De Tomaso

De Tomaso Automobili SpA ist ein italienisches Auto-Produktionsgesellschaft. Es wurde von der aus Argentinien stammende Alejandro de Tomaso in Modena 1959 gegründet und produzierte ursprünglich verschiedenen Prototypen und Rennwagen, mit einem Formel-Auto für Frank Williams-Team im Jahr 1970. Das Unternehmen entwickelte einen Ruf für die Herstellung von Sport- und Luxusfahrzeuge. Von 1976 bis 1993 De Tomaso Besitz legendären italienischen Sportwagenhersteller Maserati, und war für die Herstellung von Kraftfahrzeugen einschließlich des Biturbo, der Kyalami, Quattroporte III, Karif und der Chrysler TC verantwortlich. De Tomaso besaß auch Motorradfirma Moto Guzzi 1973-1993.

De Tomaso in Konkurs ging im Jahr 2004, obwohl die Produktion von neuen Autos weiter nach diesem Datum. Bis zum Jahr 2008 ein Käufer wurde für die De Tomaso Marken gesucht, nach den vom Gericht bestellten Liquidatoren. 3000 Frequenzweichen, 3.000 Limousinen, und 2.000 Zweisitzer-Sportwagen: Das Unternehmen wurde von Gian Mario Rossignolo im Jahr 2009 eine neue Geschäftsplan für das Unternehmen für die Herstellung von drei Modellen für insgesamt 8.000 Fahrzeuge genannt gekauft werden.

Im Mai 2012 war De Tomaso wieder zu verkaufen nach ihrem Business-Plan keine ausreichenden finanziellen Rückhalt zu sammeln. Im Juli 2012 wurde Gian Mario Rossignolo folgende Vorwürfe, dass er missbraucht 7,5 Mio. € im Wert von Staatsgeldern festgenommen. Im September 2012 entstanden Spekulationen, dass BMW sich für die Marke Factory, um neue BMW Modelle zu produzieren sein könnten.

De Tomaso-Sportwagen

Vallelunga

Erste straßentaugliche Serienmodell De Tomaso war die Vallelunga eingeführt im Jahr 1963. Das Mittelmotor-Sportwagen hatte einen 104 PS starken Ford Cortina Motor und erreicht eine Höchstgeschwindigkeit von 215 km / h.

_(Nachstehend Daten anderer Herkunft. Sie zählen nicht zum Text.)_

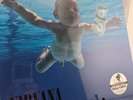 BRAND NEW/SEALED NIRVANA Nevermind Vinyl (DGC/PALLAS 180gram GERMAN AUDIOPHILE)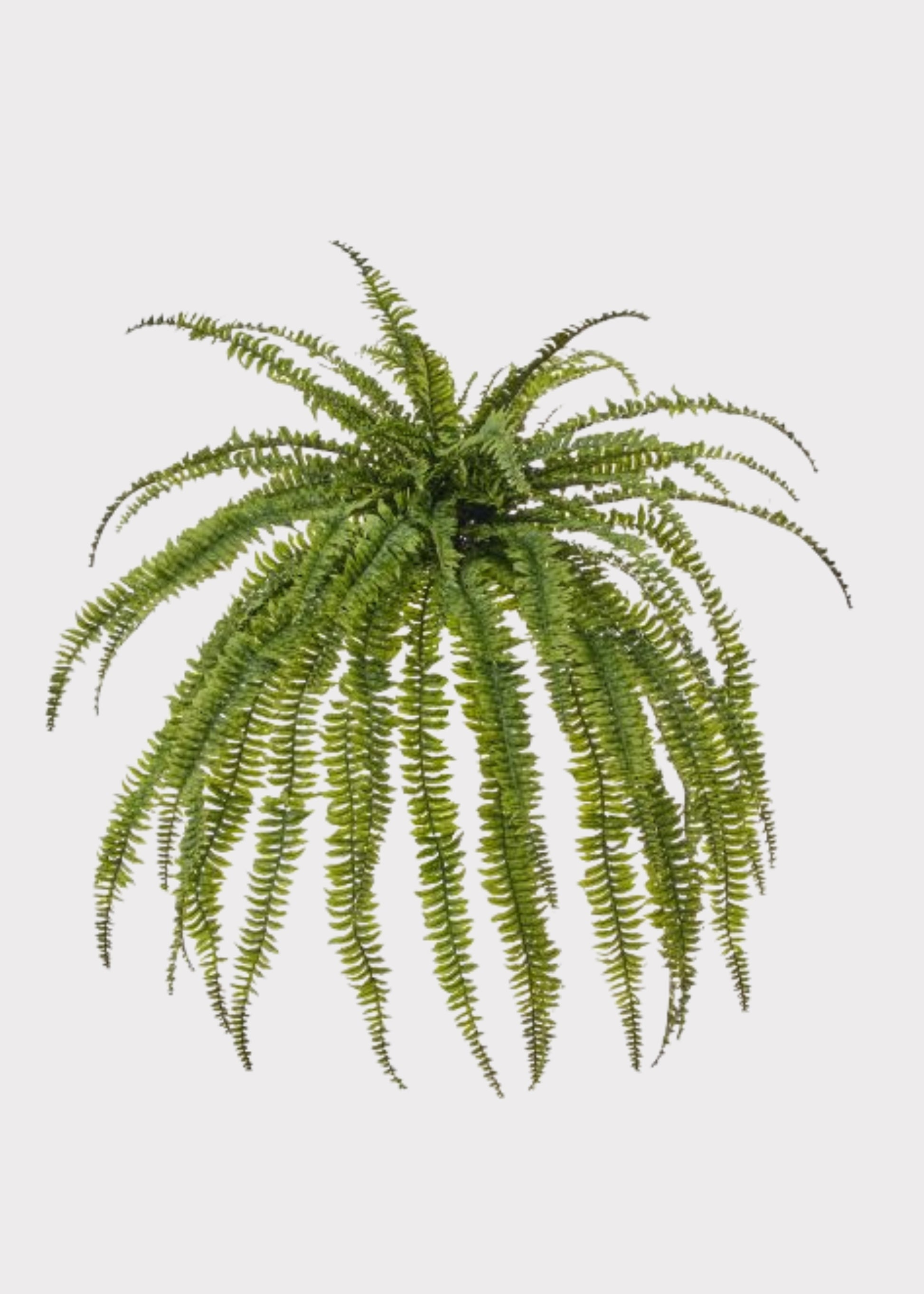  Jumbo Hanging Fern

Es hatte einen Aluminiumzentralrohrrahmen, die ein gemeinsames Merkmal der De Tomaso Autos werden sollte. Die ersten 5 Autos in Aluminium gefertigt, während die Produktion Autos hatten Fiberglas Karosserie.

Mangusta

Der Mangusta, im Jahr 1966 eingeführt, war die erste De Tomaso in großer Zahl hergestellt. Mit der Mangusta, zog De Tomaso von der europäischen auf amerikanische Ford-Motoren. Das Auto hatte einen 4,7-Liter-Eisen-Block-V8-Motor und Stahl und Aluminium Coupé Karosserie von Ghia ein italienischer Karosseriebauer auch von Alejandro de Tomaso gesteuert. Über 400 Mangustas wurden gebaut, bevor die Produktion endete 1971.

Pantera

Der Mangusta wurde von der Pantera gelungen. Es zeigte sich im Jahr 1971 mit einem 351 Cleveland Ford V8 und einem niedrigen, keilförmige Körper durch Ghia Tom Tjaarda gestaltet. Durch eine Vereinbarung mit Ford verkaufte De Tomaso Pantera in den USA durch die Ford-Lincoln und Merkur-Händler. Zwischen 1971 und 1973 wurden 6128 Panteras in Modena hergestellt wird, die größte Anzahl von einer einzigen Marke von De Tomaso produziert. Die Ölkrise von 1973 und anderen Faktoren gezwungen Ford aus dem Pantera Deal am Ende des Jahres 1973 zu ziehen.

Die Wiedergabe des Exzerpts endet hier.